*How to complete this task*: Return only the number of lines in the records below where the string "Data" shows up.

(Listed entries)

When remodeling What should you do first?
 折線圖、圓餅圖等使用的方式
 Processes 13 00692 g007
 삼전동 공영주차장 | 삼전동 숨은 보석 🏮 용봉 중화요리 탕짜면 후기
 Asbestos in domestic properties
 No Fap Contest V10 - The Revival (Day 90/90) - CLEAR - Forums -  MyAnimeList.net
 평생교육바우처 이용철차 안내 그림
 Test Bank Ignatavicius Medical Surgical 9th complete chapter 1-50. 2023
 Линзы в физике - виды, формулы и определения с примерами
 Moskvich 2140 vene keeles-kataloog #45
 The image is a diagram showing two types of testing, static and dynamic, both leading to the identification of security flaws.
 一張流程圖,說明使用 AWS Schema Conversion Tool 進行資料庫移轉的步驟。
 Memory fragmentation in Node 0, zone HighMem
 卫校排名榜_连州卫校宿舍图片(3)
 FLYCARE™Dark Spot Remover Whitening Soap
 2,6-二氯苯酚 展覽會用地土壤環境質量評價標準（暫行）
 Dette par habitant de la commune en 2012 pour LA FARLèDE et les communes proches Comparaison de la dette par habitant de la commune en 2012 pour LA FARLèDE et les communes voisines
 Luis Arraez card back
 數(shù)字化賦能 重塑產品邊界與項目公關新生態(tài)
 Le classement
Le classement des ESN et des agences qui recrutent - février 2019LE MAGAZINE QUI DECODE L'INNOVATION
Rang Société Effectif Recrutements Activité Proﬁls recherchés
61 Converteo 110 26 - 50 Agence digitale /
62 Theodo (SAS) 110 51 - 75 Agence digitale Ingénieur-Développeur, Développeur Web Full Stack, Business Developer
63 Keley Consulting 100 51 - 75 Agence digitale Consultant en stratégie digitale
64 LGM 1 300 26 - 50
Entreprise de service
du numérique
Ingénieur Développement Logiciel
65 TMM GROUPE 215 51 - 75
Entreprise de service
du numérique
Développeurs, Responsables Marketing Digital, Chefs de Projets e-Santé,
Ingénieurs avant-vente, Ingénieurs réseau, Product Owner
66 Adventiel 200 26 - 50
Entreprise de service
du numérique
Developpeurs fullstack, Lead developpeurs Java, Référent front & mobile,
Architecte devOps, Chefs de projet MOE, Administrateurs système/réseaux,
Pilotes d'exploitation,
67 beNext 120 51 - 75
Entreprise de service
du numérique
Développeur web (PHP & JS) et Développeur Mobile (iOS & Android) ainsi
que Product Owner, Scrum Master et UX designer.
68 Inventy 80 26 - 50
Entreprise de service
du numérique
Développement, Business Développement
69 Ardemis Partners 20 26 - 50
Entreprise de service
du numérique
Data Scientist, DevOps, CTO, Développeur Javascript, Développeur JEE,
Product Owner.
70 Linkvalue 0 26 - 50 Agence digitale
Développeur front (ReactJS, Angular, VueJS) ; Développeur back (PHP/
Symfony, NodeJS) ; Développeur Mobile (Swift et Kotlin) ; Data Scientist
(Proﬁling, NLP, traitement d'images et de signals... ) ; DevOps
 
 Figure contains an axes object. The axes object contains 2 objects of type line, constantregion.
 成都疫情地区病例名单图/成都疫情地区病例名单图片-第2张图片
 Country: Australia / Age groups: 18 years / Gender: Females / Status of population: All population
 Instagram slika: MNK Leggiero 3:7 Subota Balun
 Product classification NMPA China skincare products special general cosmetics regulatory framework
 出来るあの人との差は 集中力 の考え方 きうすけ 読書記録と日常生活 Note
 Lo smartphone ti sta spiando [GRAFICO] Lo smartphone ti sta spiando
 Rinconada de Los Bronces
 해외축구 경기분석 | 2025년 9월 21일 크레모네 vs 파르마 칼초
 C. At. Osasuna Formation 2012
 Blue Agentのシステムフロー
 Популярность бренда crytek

(End Listed entries)

*Reply*: 2